He missed 2 months again since November 2008 due to injury He returned to squad on 22 January 2010 against Torino at Coppa Italia. He then missed round 23 after received his fourth yellow card of the season. He played for Lazio at 2009 Coppa Italia Final as starter, which Lazio won Sampdoria after penalty shootout, and was Siviglia's first major honour. As Lazio qualified for next season UEFA Europa League, he was rested again for round 37, and suspended for round 36 due to receive another 4 yellow cards.

2009–10
Siviglia started the 2009–10 season by winning Internazionale at 2009 Supercoppa Italiana. As he had only 1-year contract left with Lazio and aged 36, he became less active as starting XI partially due to injury and the coach failed to fine the best central pair. Siviglia and Cribari at first were the starting central back under the new coach Davide Ballardini. He played both legs of UEFA Europa League play-off round but replaced by Aleksandar Kolarov in the 23 minutes on 27 August 2009. He was suffered muscle problem.

Siviglia returned on 12 September against Juventus, partnered with Modibo Diakité and lost 0–2. In the next match, the opening match of Europa League group stage, the coach preferred Diakité and Cribari, then Siviglia partnered with Diakité again in Serie A round 4. In the next match (round 5), in although he was the starter, he was replaced by Cribari in the 35th minute, again due to injury.

Siviglia returned in round 8 against Sampdoria but unusual as right back and Cribari-Diakité were the starting pair. He then call-up to the match against Villarreal, but Siviglia did not have a place in the final squad, as the coach preferred Ștefan Radu partnered with Cribari and Diakité was the only central back at the bench.

Co-currently with Lazio struggle to win, the starting line-up was unstable. Siviglia was not call-up to the match against Bari in round 9, but returned in round 10, this time partnered with Radu in although Cribari and Diakitè also received call-up. But the experiment of Ballardini failed again, lost to Cagliari 0–1, the experiment continued in next match, a 1–1 draw with Siena in round 11. 4 days later he traveled to Spain for the European match against Villarreal, which he partnered with Diakite again and Radu moved back to fullback position, but he was substituted at half-time with Mauro Zárate in order strength the attack. Ultimately Lazio lost 1–4. Ballardini resumed the experimental Siviglia-Radu pair and the coach dislike Cribari who often collect caution, but the team lost again to Milan in round 12. Siviglia then injured again.

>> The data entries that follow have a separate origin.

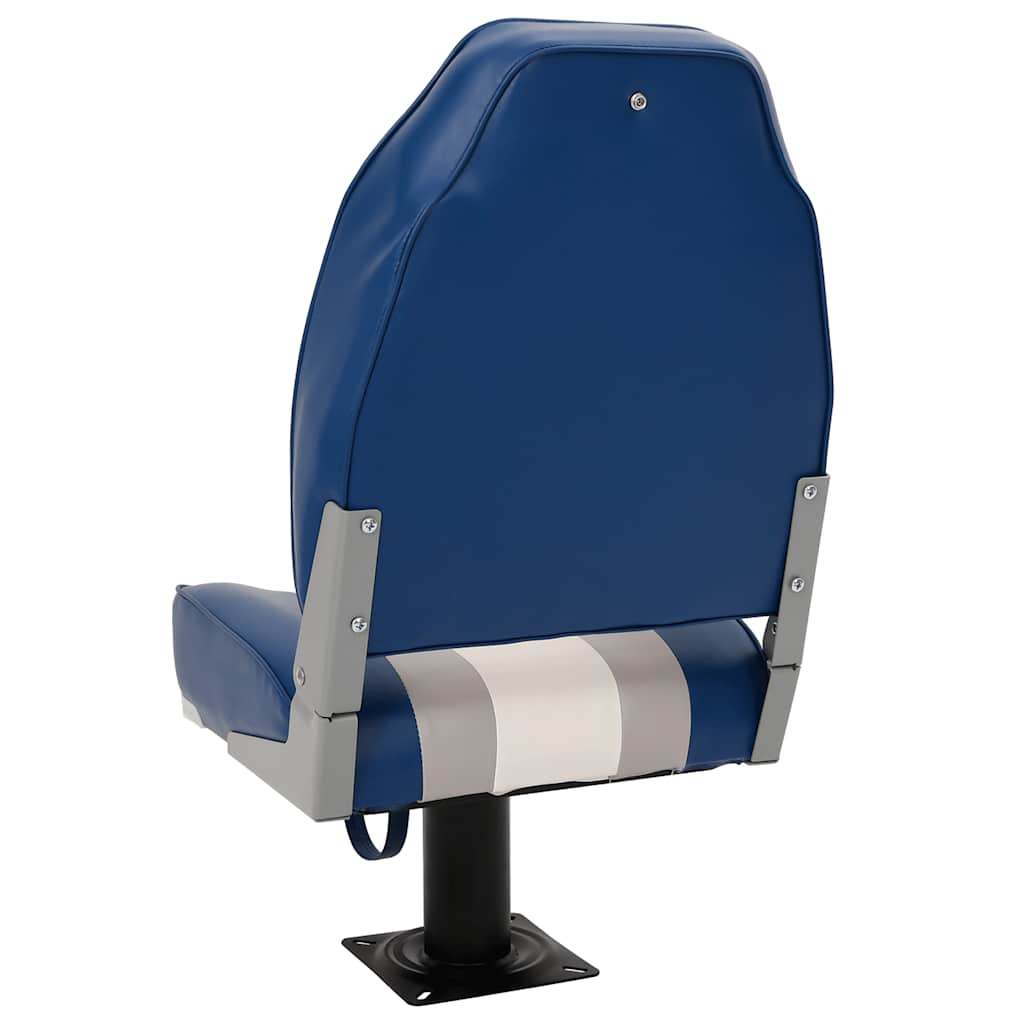 2 Piece Foldable Boat Seat Set High Backrest
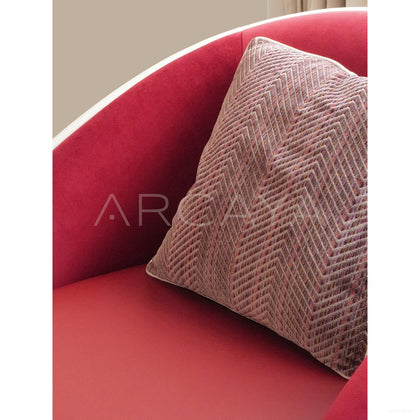 Handmade Curved Sofa - scene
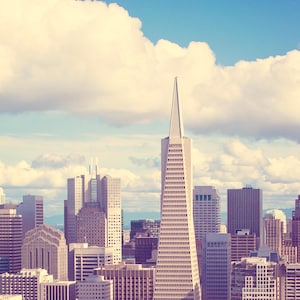 San Francisco Skyline Architecture Photography Print: SF Wall Art Print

On 6 December Siviglia returned to play as an unused bench at Derby della Capitale (round 15). In the next match, Siviglia formed 3 men defender along with Radu and Guglielmo Stendardo in a 352 formation and finally a second win of the league and the first for Siviglia against Genoa from the front of table on 13 December (round 16). Then Lazio gave up the next European match and filled with backup player. 3 days after the European match, Siviglia played as one of the 3-men defense again at the 0–1 lost to Inter on 20 December (round 17). Siviglia also secured a place in 3-men defense in the next 2 matches, including the third league won against Livorno. Since the arrival of new coach Edoardo Reja, he did not play the first match under Reja against Palermo at Coppa Italia, but returned as one of the 3-men defense in the next match (round 20). After played as unused sub against at Coppa Italia, He played as starting central-back partnered with Stendardo (in 433 formation), against Chievo which both struggle to secure point to stay.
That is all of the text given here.